___ Input material ___
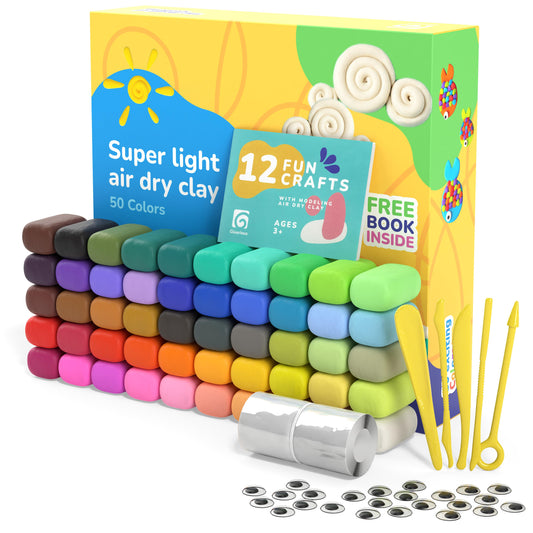 Air Dry Clay for Kids - Magic Modeling Clay Kit: 50 Vibrant Colors, 100 Googly Eyes, Soft & Safe Material - Creative Fun Arts and Crafts Set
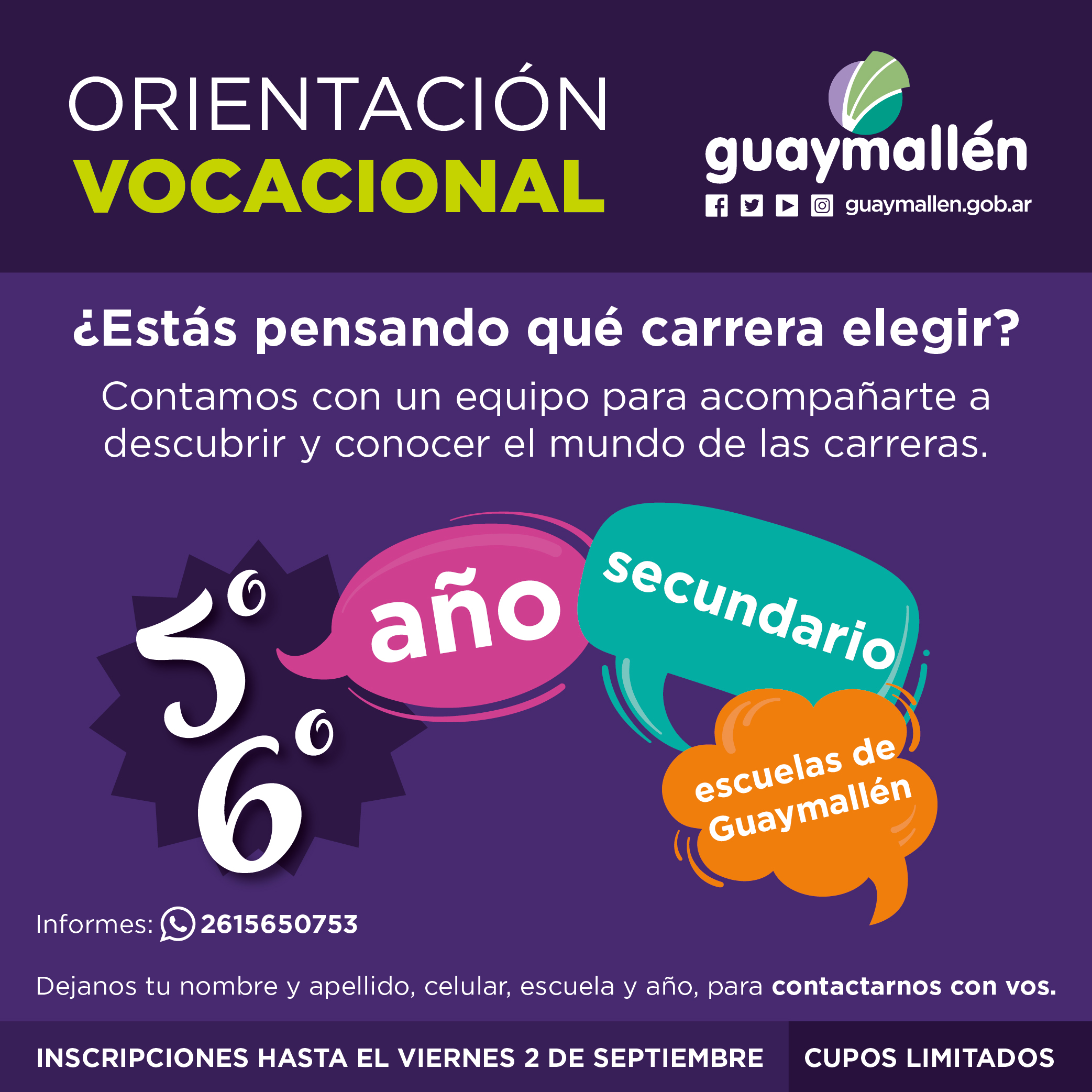 Programa de orientación vocacional para estudiantes de Guaymallén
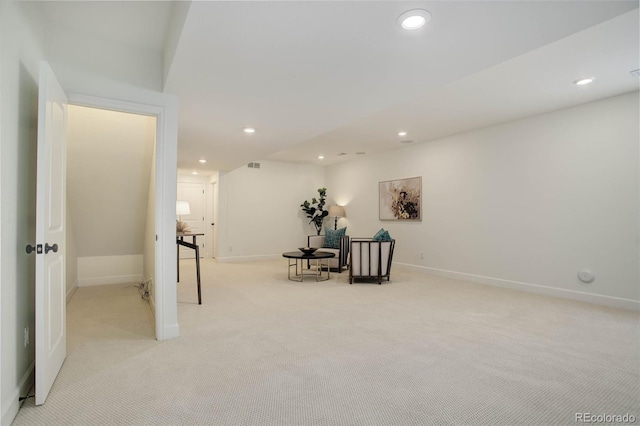 sitting room with light carpet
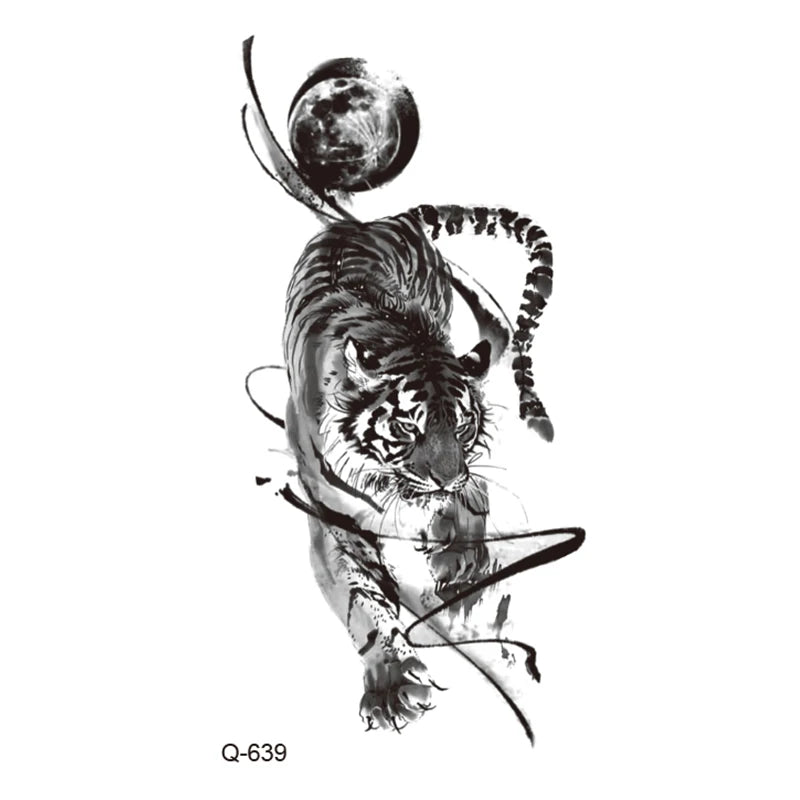 Small Animal Wolf Lion Scorpion Men Waterproof Temporary Tattoo Sticker Wing Sword Helmet Body Art Wrist Neck Fake Mini Tatoo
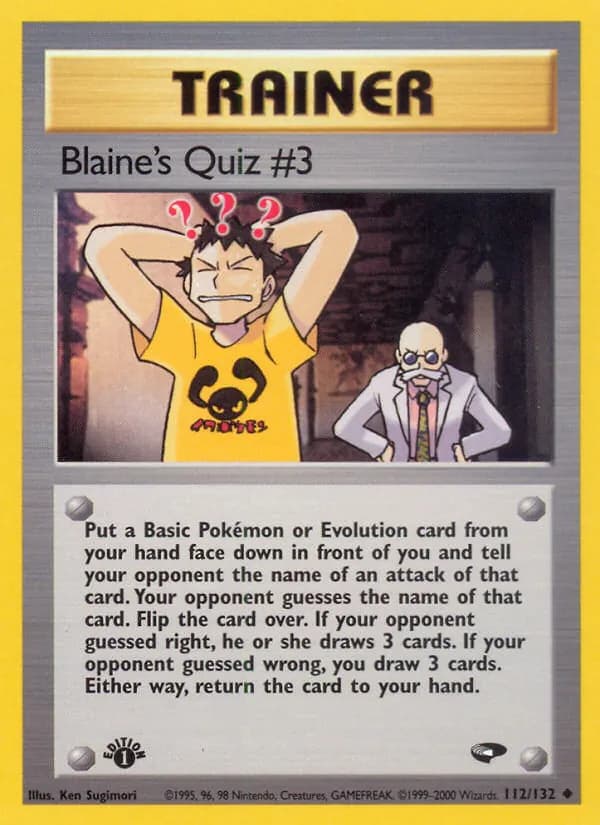 Blaine's Quiz #3 112/132, Gym Challenge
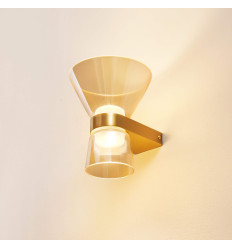 Applique di design dorata in vetro ambrato con LED -...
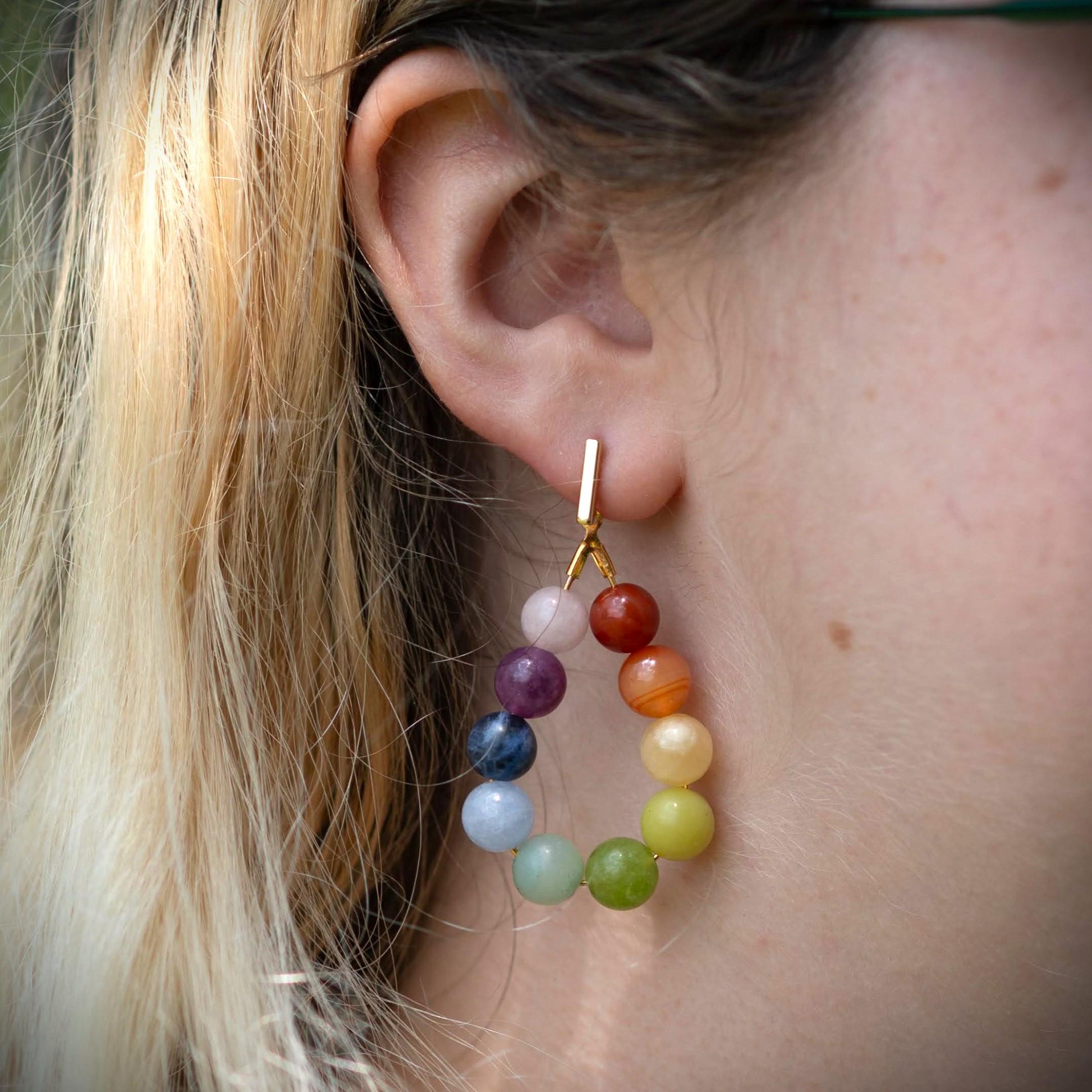 Rainbow Gradient Gemstone Earrings | Natural Stone Gemstone Jewelry Handmade | Crystal Bead Teardrop Earrings | Colorful Rainbow Earrings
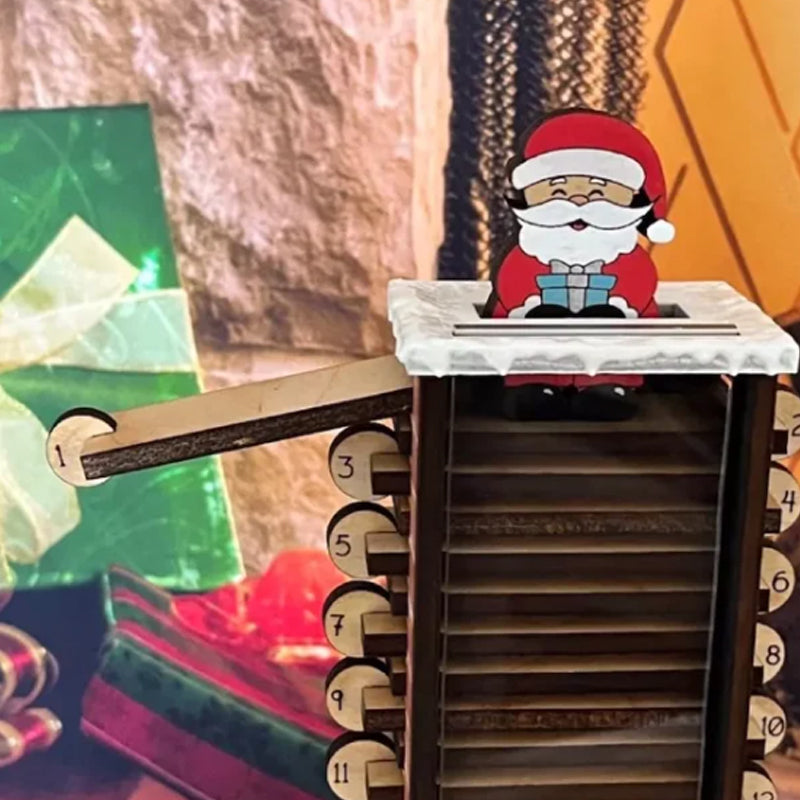 De kerstman komt door de aftelkalender voor de schoorsteen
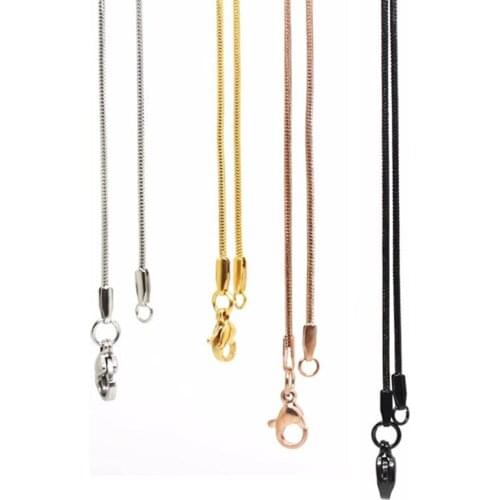 BOFEE 316L Stainless Steel Snake Necklace Pendant Chain Jewelry 1.2mm Charm Metal Twisted Clasps Fashion Gift DIY Women Men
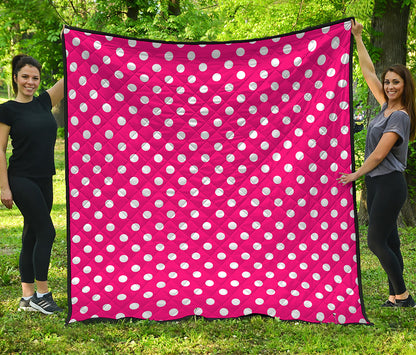 Hot Pink And White Polka Dot Print Quilt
___
[Requirement]
From the first line of the entries above through the line with "Rainbow Gradient Gemstone", set down each line exactly and drop the pictures.

[Written answer]
 Air Dry Clay for Kids - Magic Modeling Clay Kit: 50 Vibrant Colors, 100 Googly Eyes, Soft & Safe Material - Creative Fun Arts and Crafts Set
 Programa de orientación vocacional para estudiantes de Guaymallén
 sitting room with light carpet
 Small Animal Wolf Lion Scorpion Men Waterproof Temporary Tattoo Sticker Wing Sword Helmet Body Art Wrist Neck Fake Mini Tatoo
 Blaine's Quiz #3 112/132, Gym Challenge
 Applique di design dorata in vetro ambrato con LED -...
 Rainbow Gradient Gemstone Earrings | Natural Stone Gemstone Jewelry Handmade | Crystal Bead Teardrop Earrings | Colorful Rainbow Earrings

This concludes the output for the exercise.